One more thing - what would you like parser to do - throw exception on [C] value from 128-255? Is such message ill-formed, like high-precision such as "567asdasd123"?

Now it is up to you :)

meisme commented 9 years ago

I agree with @Miosss, I don't see the need for [C], especially since only strings are supported as object indexes. Single character strings shows up very infrequently in most code bases, which is why I question the need for having the optimization. It feels too much like a low-level construct.

kxepal commented 9 years ago

+1 @Miosss and @meisme points. Yes, that's an awkward moment that the spec encodes one single ASCII char with 4 bytes structure, but I don't see the case when this optimization would be significant. Much more needed case is optimization complex structures (arrays of various objects).

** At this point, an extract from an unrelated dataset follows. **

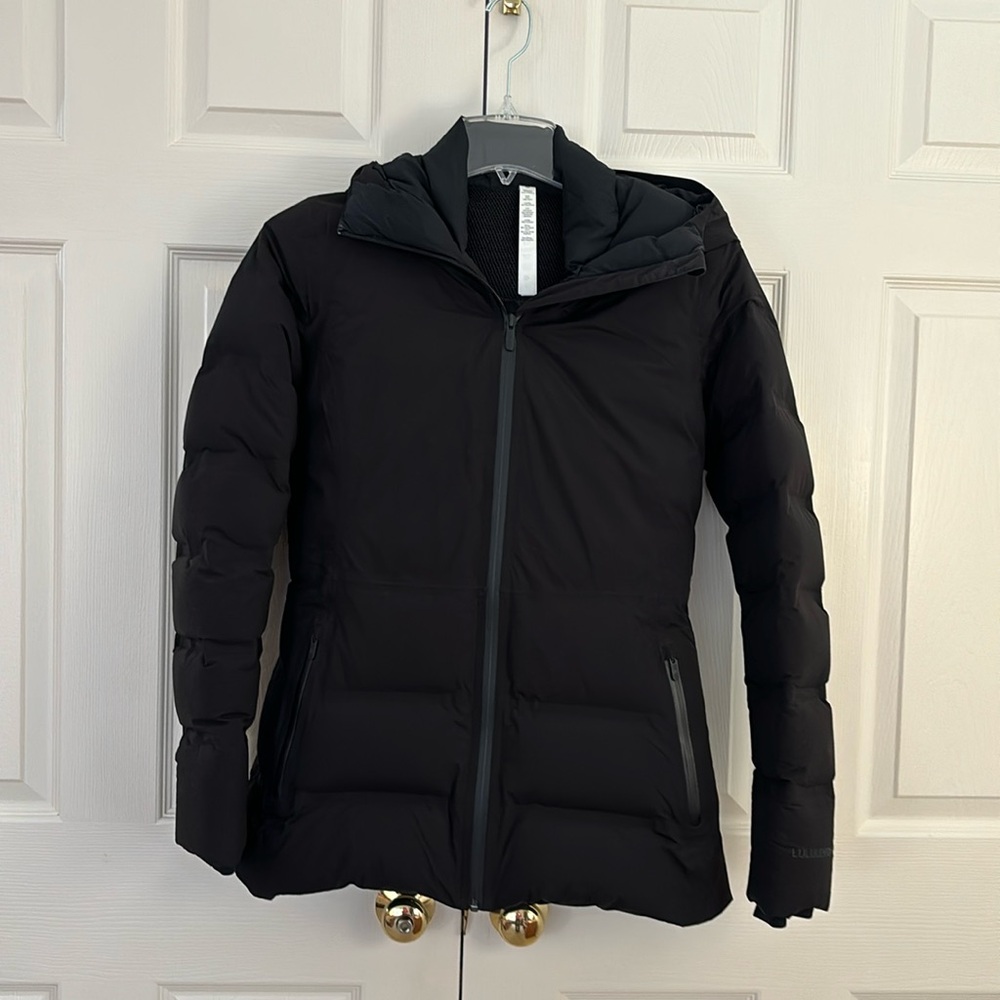 Lululemon Stretch Seal Sleet Street Waterproof Coat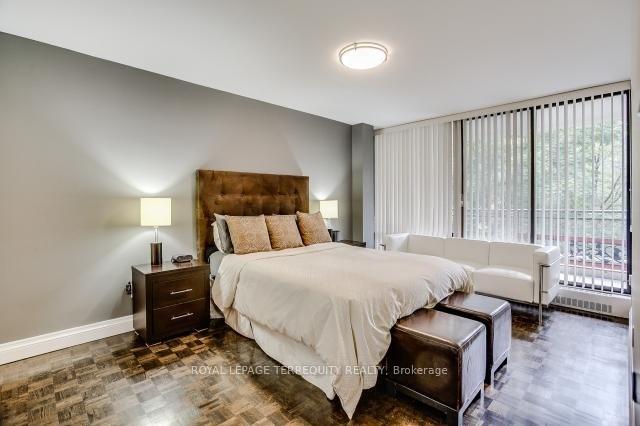 Photo 15 of Unit 405, 235 St Clair Avenue W, Toronto, Casa Loma — HOMEH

ghost commented 9 years ago

@Miosss I think you have made the most convincing argument about removing [C] that I've seen (or atleast understood so far :)

Your points about non-printable characters in the 0-127/255 range and how that invalidates the ASCII contract already is undeniable... I think you made a very good point.

Also, it doesn't seem you are in the minority :)

@kxepal Very good point about array/object optimization giving much bigger wins and spending the time/effort there.

Conclusion

Unless anyone has any significant disagreement, I am in favor of removing [C] from the spec given @Miosss points.

Anyone object?

ghost commented 9 years ago

@dmitry-ra I rewrote your SUMMARY to reflect the conclusion made in the thread here (instead of editing the docs, actually removing the [C] type.

Targeted for Draft 12 currently.

Steve132 commented 9 years ago

I basically agree to remove "C" I don't see a compelling reason to use it.

ghost commented 9 years ago

Resolving

Miosss commented 9 years ago

@thebuzzmedia So you changed your decision now and [C] stays, yes?

ghost commented 9 years ago

@Miosss Yes - [C] stays, but is more strictly defined as a single UTF-8 char (decimal values 0-127).